Your instructions:
Using the data below, print exactly the line with "GIBT37 Florida License Plate", the line with "Emmanuel Macron im", and every line between them, but none of the pictures.

Given data:
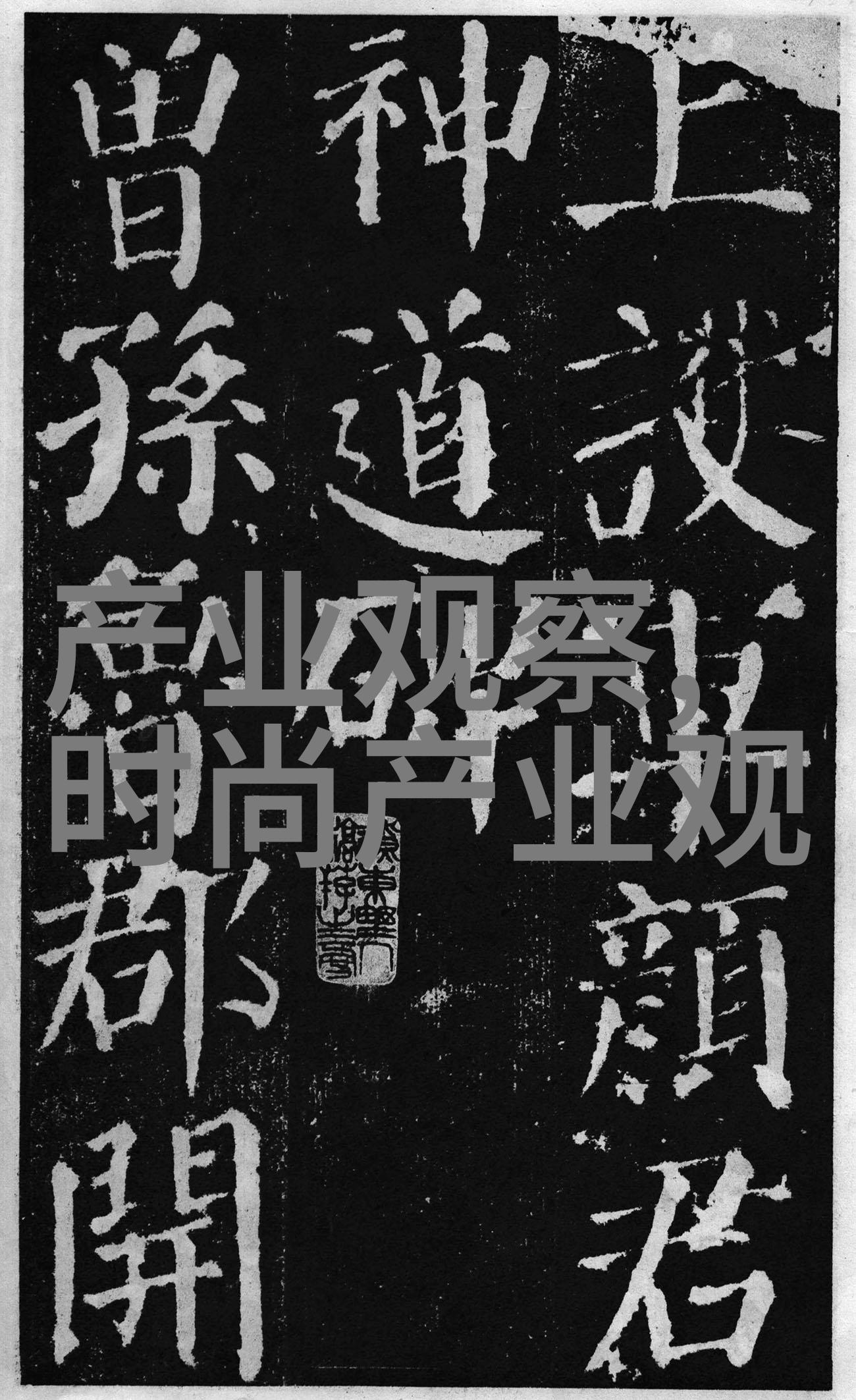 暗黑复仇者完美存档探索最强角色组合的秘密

* * *

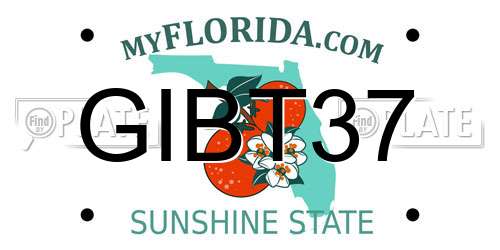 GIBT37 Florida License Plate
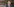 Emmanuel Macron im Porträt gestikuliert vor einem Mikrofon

Solution to the exercise:
 GIBT37 Florida License Plate
 Emmanuel Macron im Porträt gestikuliert vor einem Mikrofon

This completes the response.